(Extracted records)
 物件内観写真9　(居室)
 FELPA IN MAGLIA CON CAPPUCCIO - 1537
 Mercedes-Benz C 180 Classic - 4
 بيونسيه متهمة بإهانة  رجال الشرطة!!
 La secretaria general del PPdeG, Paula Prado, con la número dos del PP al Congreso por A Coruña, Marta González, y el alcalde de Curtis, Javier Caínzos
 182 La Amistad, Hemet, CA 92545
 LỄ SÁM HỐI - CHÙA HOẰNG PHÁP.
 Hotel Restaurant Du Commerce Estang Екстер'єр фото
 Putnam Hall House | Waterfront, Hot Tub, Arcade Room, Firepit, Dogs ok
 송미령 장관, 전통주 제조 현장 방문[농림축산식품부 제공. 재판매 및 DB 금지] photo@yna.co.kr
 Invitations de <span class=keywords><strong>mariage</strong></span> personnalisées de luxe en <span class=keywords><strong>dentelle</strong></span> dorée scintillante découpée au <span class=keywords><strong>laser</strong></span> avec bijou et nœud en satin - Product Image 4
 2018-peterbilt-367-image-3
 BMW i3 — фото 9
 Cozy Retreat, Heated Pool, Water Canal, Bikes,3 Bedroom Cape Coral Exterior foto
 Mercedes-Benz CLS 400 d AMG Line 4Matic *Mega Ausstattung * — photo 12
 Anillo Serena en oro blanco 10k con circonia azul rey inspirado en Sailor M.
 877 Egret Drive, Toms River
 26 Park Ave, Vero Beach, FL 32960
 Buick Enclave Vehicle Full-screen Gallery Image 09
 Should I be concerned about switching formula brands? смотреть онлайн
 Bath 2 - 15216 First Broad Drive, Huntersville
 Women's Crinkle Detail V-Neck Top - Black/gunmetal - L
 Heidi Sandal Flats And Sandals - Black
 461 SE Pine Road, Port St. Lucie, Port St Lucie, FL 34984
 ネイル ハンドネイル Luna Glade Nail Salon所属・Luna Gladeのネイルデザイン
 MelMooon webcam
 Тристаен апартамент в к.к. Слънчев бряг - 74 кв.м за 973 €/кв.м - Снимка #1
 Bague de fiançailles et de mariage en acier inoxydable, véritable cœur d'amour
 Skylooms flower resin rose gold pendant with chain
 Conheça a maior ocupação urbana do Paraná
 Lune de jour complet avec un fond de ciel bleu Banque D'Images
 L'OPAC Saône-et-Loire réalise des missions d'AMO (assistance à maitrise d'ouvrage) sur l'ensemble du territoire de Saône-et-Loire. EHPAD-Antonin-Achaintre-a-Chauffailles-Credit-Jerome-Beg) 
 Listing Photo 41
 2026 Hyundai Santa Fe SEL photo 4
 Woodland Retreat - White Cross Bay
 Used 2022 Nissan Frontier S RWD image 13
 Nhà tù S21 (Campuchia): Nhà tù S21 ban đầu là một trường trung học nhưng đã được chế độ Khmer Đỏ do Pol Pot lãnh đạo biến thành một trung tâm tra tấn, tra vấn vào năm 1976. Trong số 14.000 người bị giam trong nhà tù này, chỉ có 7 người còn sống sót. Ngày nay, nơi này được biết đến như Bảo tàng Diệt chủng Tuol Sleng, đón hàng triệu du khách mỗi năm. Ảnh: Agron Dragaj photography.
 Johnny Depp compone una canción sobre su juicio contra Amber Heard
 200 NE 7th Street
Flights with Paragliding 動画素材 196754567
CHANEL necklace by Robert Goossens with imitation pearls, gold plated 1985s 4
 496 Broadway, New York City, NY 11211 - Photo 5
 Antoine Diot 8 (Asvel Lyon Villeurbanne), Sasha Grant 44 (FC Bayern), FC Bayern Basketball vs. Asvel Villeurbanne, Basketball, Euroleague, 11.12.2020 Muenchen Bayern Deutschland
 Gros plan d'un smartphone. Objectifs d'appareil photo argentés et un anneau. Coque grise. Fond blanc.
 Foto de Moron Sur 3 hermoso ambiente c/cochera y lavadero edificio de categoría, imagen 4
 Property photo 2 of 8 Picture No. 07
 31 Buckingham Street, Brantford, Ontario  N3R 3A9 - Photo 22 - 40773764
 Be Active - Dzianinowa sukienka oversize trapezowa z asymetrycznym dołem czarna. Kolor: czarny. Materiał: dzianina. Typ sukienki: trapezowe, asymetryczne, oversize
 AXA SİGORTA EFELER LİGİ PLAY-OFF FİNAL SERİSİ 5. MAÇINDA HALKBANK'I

_Work to complete_
This exercise requires all the entries to be written out again exactly.

_Exercise output_
 物件内観写真9　(居室)
 FELPA IN MAGLIA CON CAPPUCCIO - 1537
 Mercedes-Benz C 180 Classic - 4
 بيونسيه متهمة بإهانة  رجال الشرطة!!
 La secretaria general del PPdeG, Paula Prado, con la número dos del PP al Congreso por A Coruña, Marta González, y el alcalde de Curtis, Javier Caínzos
 182 La Amistad, Hemet, CA 92545
 LỄ SÁM HỐI - CHÙA HOẰNG PHÁP.
 Hotel Restaurant Du Commerce Estang Екстер'єр фото
 Putnam Hall House | Waterfront, Hot Tub, Arcade Room, Firepit, Dogs ok
 송미령 장관, 전통주 제조 현장 방문[농림축산식품부 제공. 재판매 및 DB 금지] photo@yna.co.kr
 Invitations de <span class=keywords><strong>mariage</strong></span> personnalisées de luxe en <span class=keywords><strong>dentelle</strong></span> dorée scintillante découpée au <span class=keywords><strong>laser</strong></span> avec bijou et nœud en satin - Product Image 4
 2018-peterbilt-367-image-3
 BMW i3 — фото 9
 Cozy Retreat, Heated Pool, Water Canal, Bikes,3 Bedroom Cape Coral Exterior foto
 Mercedes-Benz CLS 400 d AMG Line 4Matic *Mega Ausstattung * — photo 12
 Anillo Serena en oro blanco 10k con circonia azul rey inspirado en Sailor M.
 877 Egret Drive, Toms River
 26 Park Ave, Vero Beach, FL 32960
 Buick Enclave Vehicle Full-screen Gallery Image 09
 Should I be concerned about switching formula brands? смотреть онлайн
 Bath 2 - 15216 First Broad Drive, Huntersville
 Women's Crinkle Detail V-Neck Top - Black/gunmetal - L
 Heidi Sandal Flats And Sandals - Black
 461 SE Pine Road, Port St. Lucie, Port St Lucie, FL 34984
 ネイル ハンドネイル Luna Glade Nail Salon所属・Luna Gladeのネイルデザイン
 MelMooon webcam
 Тристаен апартамент в к.к. Слънчев бряг - 74 кв.м за 973 €/кв.м - Снимка #1
 Bague de fiançailles et de mariage en acier inoxydable, véritable cœur d'amour
 Skylooms flower resin rose gold pendant with chain
 Conheça a maior ocupação urbana do Paraná
 Lune de jour complet avec un fond de ciel bleu Banque D'Images
 L'OPAC Saône-et-Loire réalise des missions d'AMO (assistance à maitrise d'ouvrage) sur l'ensemble du territoire de Saône-et-Loire. EHPAD-Antonin-Achaintre-a-Chauffailles-Credit-Jerome-Beg) 
 Listing Photo 41
 2026 Hyundai Santa Fe SEL photo 4
 Woodland Retreat - White Cross Bay
 Used 2022 Nissan Frontier S RWD image 13
 Nhà tù S21 (Campuchia): Nhà tù S21 ban đầu là một trường trung học nhưng đã được chế độ Khmer Đỏ do Pol Pot lãnh đạo biến thành một trung tâm tra tấn, tra vấn vào năm 1976. Trong số 14.000 người bị giam trong nhà tù này, chỉ có 7 người còn sống sót. Ngày nay, nơi này được biết đến như Bảo tàng Diệt chủng Tuol Sleng, đón hàng triệu du khách mỗi năm. Ảnh: Agron Dragaj photography.
 Johnny Depp compone una canción sobre su juicio contra Amber Heard
 200 NE 7th Street
Flights with Paragliding 動画素材 196754567
CHANEL necklace by Robert Goossens with imitation pearls, gold plated 1985s 4
 496 Broadway, New York City, NY 11211 - Photo 5
 Antoine Diot 8 (Asvel Lyon Villeurbanne), Sasha Grant 44 (FC Bayern), FC Bayern Basketball vs. Asvel Villeurbanne, Basketball, Euroleague, 11.12.2020 Muenchen Bayern Deutschland
 Gros plan d'un smartphone. Objectifs d'appareil photo argentés et un anneau. Coque grise. Fond blanc.
 Foto de Moron Sur 3 hermoso ambiente c/cochera y lavadero edificio de categoría, imagen 4
 Property photo 2 of 8 Picture No. 07
 31 Buckingham Street, Brantford, Ontario  N3R 3A9 - Photo 22 - 40773764
 Be Active - Dzianinowa sukienka oversize trapezowa z asymetrycznym dołem czarna. Kolor: czarny. Materiał: dzianina. Typ sukienki: trapezowe, asymetryczne, oversize
 AXA SİGORTA EFELER LİGİ PLAY-OFF FİNAL SERİSİ 5. MAÇINDA HALKBANK'I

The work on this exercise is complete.